2. How long will it take for the expropriating authority to take possession of my property?
The Expropriations Act dictates the process and timeframe in order for the expropriating authority to gain possession of your property. For a rough estimate of the timeline involved in your situation, please refer to our expropriation planner. One of our expropriation lawyers can assist you to better understand the process and timeframe as may be applicable in your particular circumstances.
3. I have a business on the property. How is the expropriating authority going to compensate me for moving or interrupting my business?
The Expropriations Act provides for the recovery of business expenses and losses caused by the relocation or interruption of your business. An expropriation lawyer can provide you with specific advice as it pertains to the circumstances of your business.

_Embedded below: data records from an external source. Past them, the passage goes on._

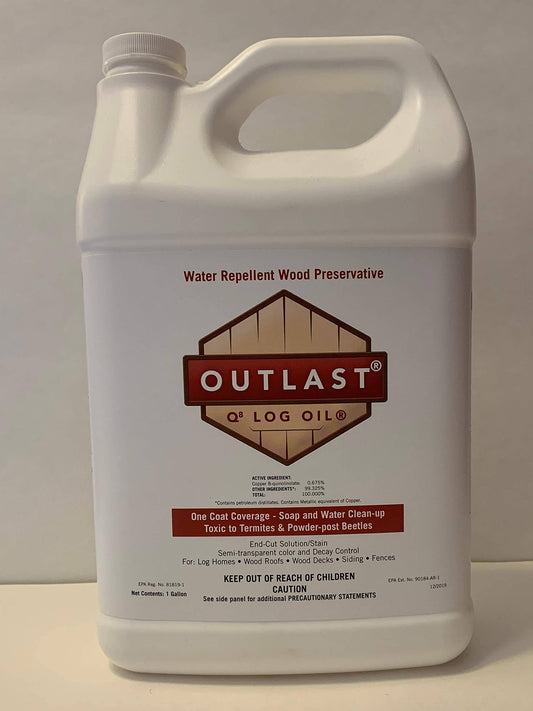 Outlast Q8 Log Oil - 5 Gal - Medium Reddish Brown 04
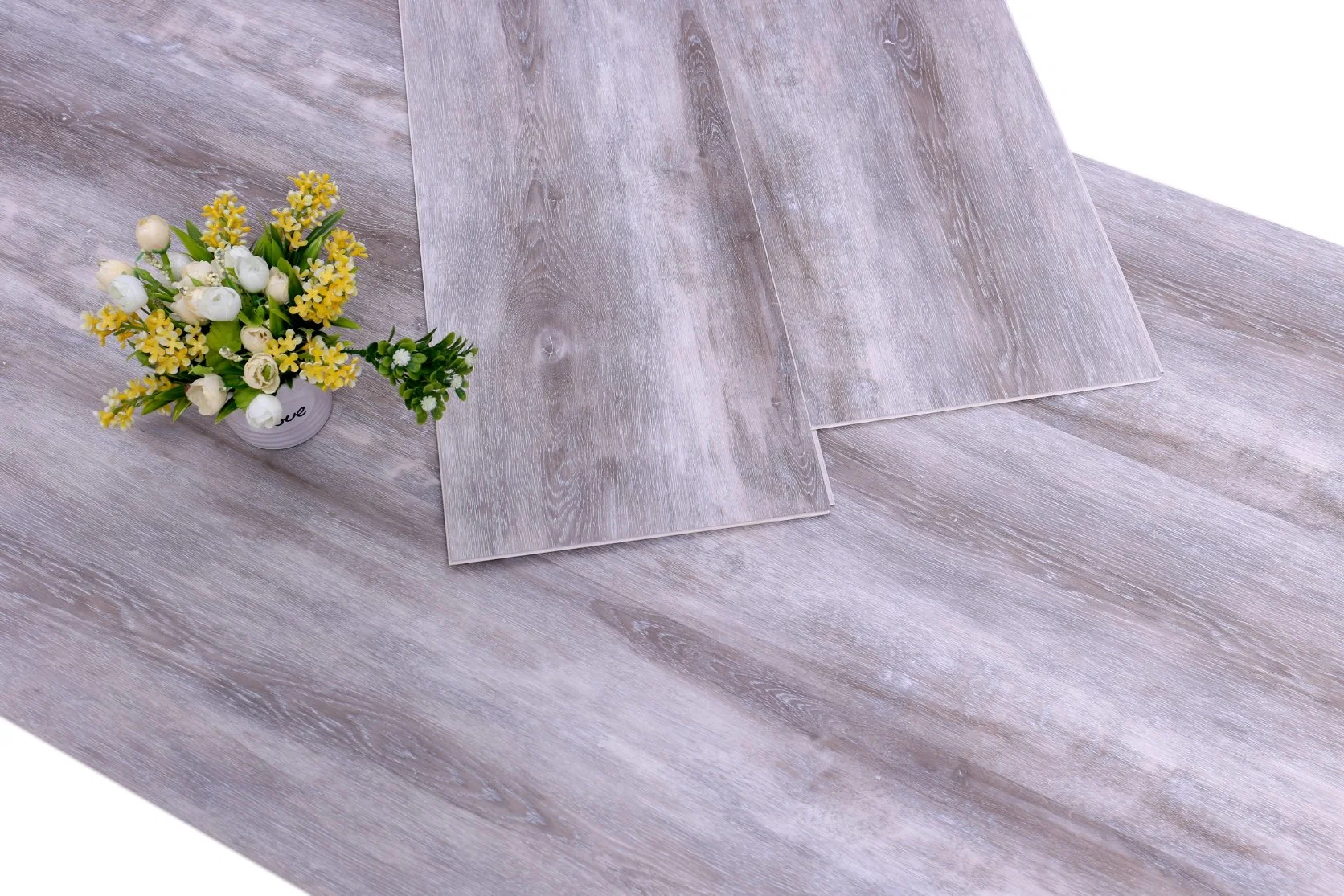 Embossed Surface Engineered Spc Rigid Plank Click Vinyl Flooring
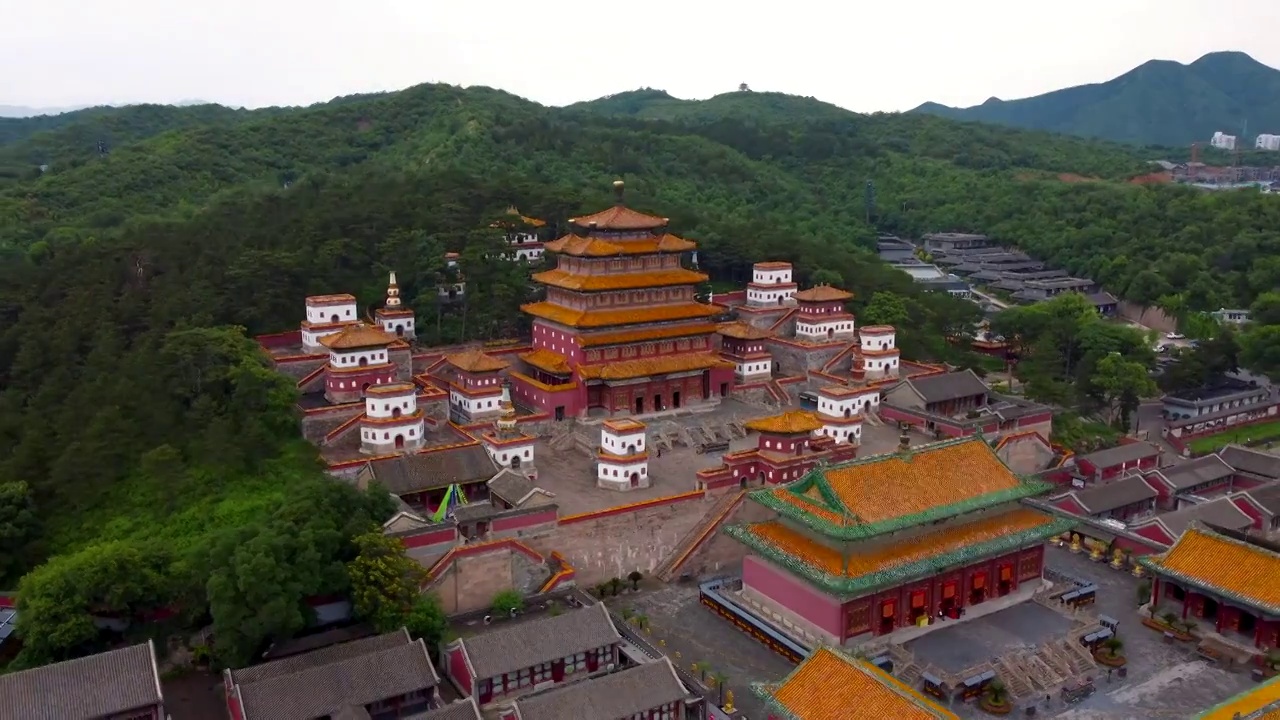 承德 普宁寺 双桥区 广缘寺 航拍 寺庙视频素材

4. I understand the need for my property to be acquired. Can I negotiate an agreement with the expropriating authority in order to avoid litigating against the expropriating authority?
Yes. The Expropriations Act provides for the opportunity for you to make an agreement (known as a Section 30 Agreement) with the expropriating authority that protects all of your rights to compensation while providing the expropriating authority the opportunity to gain possession of your land without undergoing all of the formal procedures outlined in the Expropriations Act.
5. Can I stop the proposed expropriation of my property?
You are able to request a Hearing of Necessity (also known as an Inquiry) at which the expropriating authority must demonstrate that its proposed taking of your property is fair, sound and reasonably necessary. A Hearing of Necessity is a quasi-judicial proceeding in which you will be able to call evidence in opposition to the proposed taking. At the conclusion of a Hearing of Necessity, the presiding Inquiry Officer will write a report with a recommendation to the Expropriating Authority. However, it is extremely unlikely you will stop the proposed expropriation because the Expropriating Authority only has to consider the Inquiry Officer’s report and does not have to follow any recommendations made.
6. Does the Expropriating Authority pay interest if we cannot resolve my claim early in the process?
The Expropriating Authority usually is compelled to pay 6% interest from the date your lands cease to be productive to you. In rare circumstances, interest as high as 12% could be awarded if the Expropriating Authority is shown to have caused delay in the determination of compensation or no interest could be payable if you are shown to be the cause of delay in the determination of compensation.
7. Why should I hire an expropriation lawyer?
An expropriation lawyer will assist you with understanding all of your rights to compensation under the Expropriations Act and can help you negotiate or litigate fair and just compensation.